In Act 2, Scene 2, Lord Goring and Robert Chiltern discuss Chiltern’s impending crisis—Mrs. Chaveley has blackmailed him into giving a speech in support of a fraudulent project to Parliament. As Goring lays out Chiltern’s options, Wilde takes the opportunity to sneak in some acerbic satire of London society:
Besides, if you did make a clean breast of the whole affair, you would never be able to talk morality again. And in England a man who can’t talk morality twice a week to a large, popular, immoral audience is quite over as a serious politician. There would be nothing left for him as a profession except Botany or the Church. A confession would be of no use. It would ruin you.
In a play full of satirical observations on the English elite, this passage is a particularly incisive example. By Goring’s account, moral posturing is so vital to political life in England that anyone who cannot proselytize morality to the general public can hardly be called a politician. This observation relies on layers of verbal irony: first, Goring’s assertion that the general public (the large, popular audience) must be inherently immoral flies in the face of the fact that the politicians themselves—as evidenced by this very conversation with Chiltern—are in fact the most likely to be morally compromised.
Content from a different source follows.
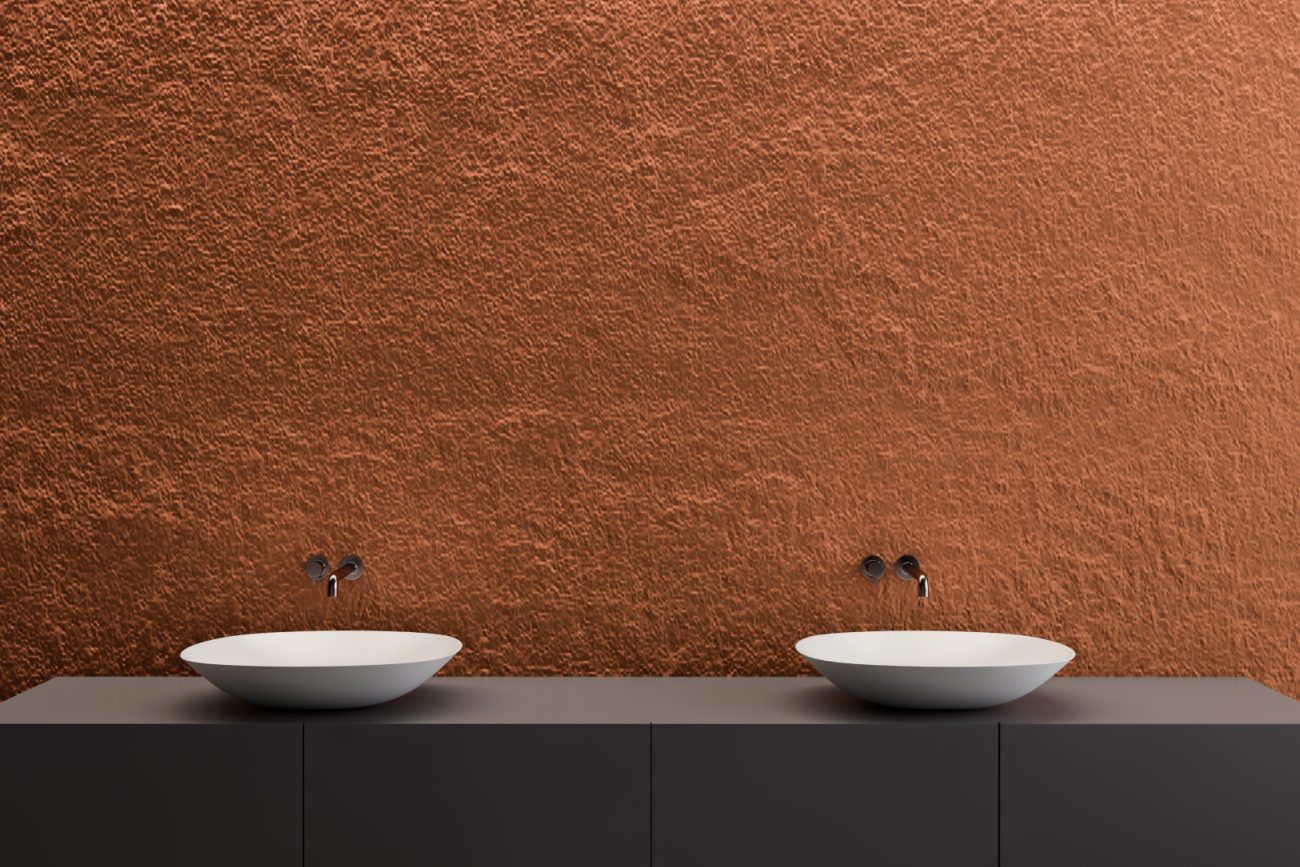 Modern bathroom with orange terracotta wall, two white sinks and wall-mounted faucets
Next, Goring presents a humorous juxtaposition of the two supposed recourses left for such a politician who cannot expound on morality to the masses. The first option, according to Goring, is “Botany,” or the study of flowers: a vocation that is practically the polar opposite of politics. The second option would be “the Church”: theoretically, religion would be the career path most invested in morality, but Goring’s ironic twist dismisses such a moral façade and presents the church as the perfect place for a morally compromised politician. There is no group in An Ideal Husband that can escape Wilde’s critique.